The catch and kill season is harder on the brood stock no matter how you slice it. If we are truely concerned about the health of a fish species we would regulate the catch and kill season more and leave the c&r anglers alone. Just my opinion.


----------



## dreadK (Oct 10, 2009)

I'll support whatever policy is backed up by the hardest science and places the greatest equity on all classes of fishermen (e.g. catch&release, catch&kill, commercial). By equity I mean imposing restrictions on some sort of "effect" basis. If pre-season rockfishing can not be shown to have a demonstrated effect that's greater then the catch and kills season, for example, then it shouldn't be singled out. Personally, I don't fish the pre-season...but why waste time implementing a regulation that's not outcome based. I'm open to regulating most things if it's necessary, as long as its outcome based. Sometimes we have to sacrifice, but it should be for a good reason....not because someone has a hunch. I want to see more info that QUANTIFIES the impact of the various seasons and info that allows you to compare those impacts.


----------



## Tracker16 (Feb 16, 2009)

AtlantaKing said:


> In and of itself, not fishing for pre-spawn fish if you can't keep them is not a bad idea. As the Chesapeake is the spawning ground for a major population of the striped bass in the mid-Atlantic region, there should be a fisheries wide moratorium on striped bass before the season opens: no commercial fishing for them, no recreational fishing for them, no trolling, no bait, nothing. The brood stock need to be protected.


I hear what you're saying AK but that would mean NO FISHING in the bay until trophy season starts. Sorry but that's not gonna fly. Stripers aren't the only fish people target in the spring so how would DNR enforce a 'no fishing for stripers law' ?? You are always going to have bycatch. What else can you do but release them right away?

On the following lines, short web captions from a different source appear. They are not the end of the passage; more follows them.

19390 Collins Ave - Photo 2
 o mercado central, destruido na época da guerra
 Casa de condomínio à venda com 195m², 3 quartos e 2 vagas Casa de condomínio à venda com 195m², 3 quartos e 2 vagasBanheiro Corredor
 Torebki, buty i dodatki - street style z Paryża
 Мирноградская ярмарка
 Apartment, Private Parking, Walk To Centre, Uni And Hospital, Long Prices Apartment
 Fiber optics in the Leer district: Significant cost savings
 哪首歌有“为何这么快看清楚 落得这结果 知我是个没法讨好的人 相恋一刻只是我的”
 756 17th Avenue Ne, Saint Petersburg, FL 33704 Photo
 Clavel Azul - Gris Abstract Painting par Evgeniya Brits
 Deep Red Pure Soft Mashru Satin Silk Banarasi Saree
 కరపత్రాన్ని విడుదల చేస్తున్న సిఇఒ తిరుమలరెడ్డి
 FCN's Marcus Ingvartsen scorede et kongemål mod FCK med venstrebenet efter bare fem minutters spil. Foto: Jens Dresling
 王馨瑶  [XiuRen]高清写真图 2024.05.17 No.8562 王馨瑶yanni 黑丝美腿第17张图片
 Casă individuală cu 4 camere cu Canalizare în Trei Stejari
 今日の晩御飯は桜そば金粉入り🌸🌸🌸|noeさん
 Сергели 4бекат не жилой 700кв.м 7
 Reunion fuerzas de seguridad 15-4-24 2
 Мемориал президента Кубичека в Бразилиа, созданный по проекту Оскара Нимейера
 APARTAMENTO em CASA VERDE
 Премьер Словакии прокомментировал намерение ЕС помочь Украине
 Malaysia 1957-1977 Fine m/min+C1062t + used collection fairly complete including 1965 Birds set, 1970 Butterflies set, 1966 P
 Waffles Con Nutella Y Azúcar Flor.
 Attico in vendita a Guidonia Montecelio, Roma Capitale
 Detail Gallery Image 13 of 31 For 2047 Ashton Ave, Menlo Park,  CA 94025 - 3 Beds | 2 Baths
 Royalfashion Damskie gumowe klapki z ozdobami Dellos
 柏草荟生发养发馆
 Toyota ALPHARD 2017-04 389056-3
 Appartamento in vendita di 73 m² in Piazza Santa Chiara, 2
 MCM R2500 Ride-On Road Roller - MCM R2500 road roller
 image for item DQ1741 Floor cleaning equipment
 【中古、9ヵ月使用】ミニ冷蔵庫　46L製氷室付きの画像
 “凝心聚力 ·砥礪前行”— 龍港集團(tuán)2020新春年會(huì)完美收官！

I just reviewed NOAA Fisheries data for Striped bass taken in MD and compared it to MD DNR's stats on commercial SB licenses issued. There are only 1231 commercial Striped bass fishing licenses issued period. In 2008 Comms caught 2,672,088lbs of Stripers While Recs caught 3,178,237 lbs. That means out of all the people licensed in MD (Comm&Rec) 1231 people were allowed to catch 44% of the all the Striped bass taken. Somethings broken here. Like I said earlier. You wanna protect the fishery?? Give Striped Bass *'Game Fish Status'*


----------



## surfnsam (Apr 28, 2008)

i think banning charter boats from going out before C&R season opens is a good idea. these guys go out with 15+ rods out, when they hook up the don't stop and fight a fish they keep going pulling the fish in while going 3-4 mph, this isn't good on the fish and they will just throw it back without reviving it. the mortality rate is something like 30%. the only thing these captains are doing is killing fish while trying to locate them. i am not saying we should ban rock fishing, just stop killing them needlessly, make these charter captains respect the rock and revive and release these breeders.


----------



## stonemason (Aug 4, 2006)

whats the difference in a trophy fish being killed during the spring or in the middle of the summer? fact it, neither will lay it's eggs.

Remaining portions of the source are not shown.